Trespass by Valerie Martin
Originally published in Time Out New York, September 20, 2007
No boundaries are inviolable and the outsiders are insiders now, or so fears Chloe Dale, the central figure in Valerie Martin’s provocative new novel, Trespass. Set in 2002 on the eve of the U.S. invasion of Iraq, the book opens with a disastrous lunch date between Chloe, her son Toby, and his new girlfriend, a Croatian refugee named Salome Drago. Chloe is immediately suspicious of Salome’s motives, which leads to her estrangement from Toby and her husband, Brendan. Accepting a peripheral role in her son’s life proves difficult, and as Toby and Salome’s relationship intensifies, Chloe retreats further into her own world, isolating herself from those she loves.
Trespass, however, is not merely a high-drama domestic novel. Martin interweaves Chloe’s personal battles with the conflicts Salome encounters when she sets out on a quest to find her mother, whom she thought was killed in the civil war that destroyed her native Yugoslavia. It might seem like a stretch to compare the war between Serbs and Croats to a family spat, but by focusing the narrative on the unraveling Dale family, Martin forces us to consider larger questions concerning nationalism, warfare and U.S. foreign policy.
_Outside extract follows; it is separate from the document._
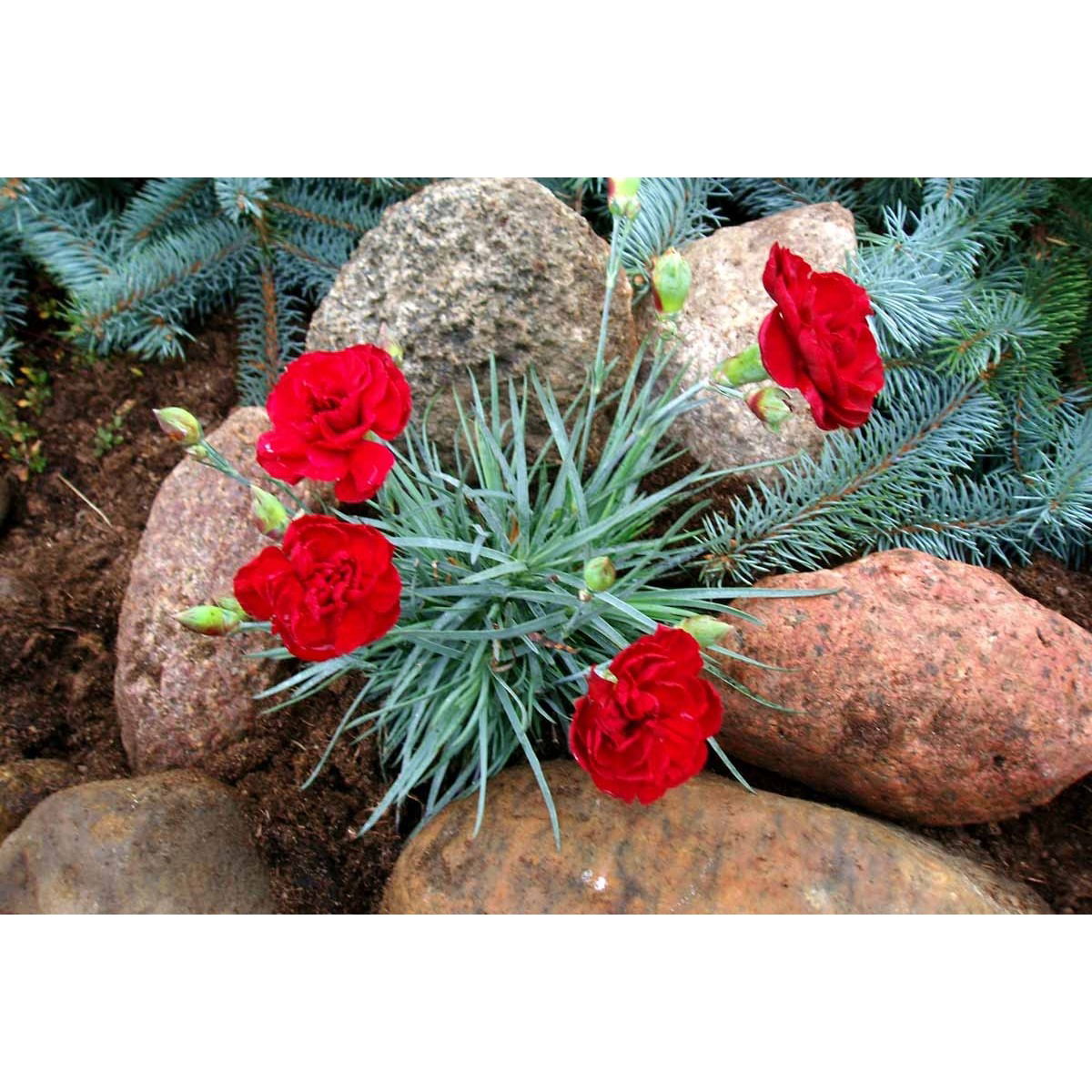 Fjernellike &apos;Desmond&apos;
Trespass is written in the present tense, which is appropriate given the book’s preoccupation with how history is recorded. Martin’s exploration of the volatile political climate of post-9/11 America occasionally feels didactic, but she should be applauded for handling such ambitious subject matter with frankness and grace. Unsettling and at times tragic, Trespasscasts a cold eye on the American family and reveals the uncertainties that cloud our evolving national identity.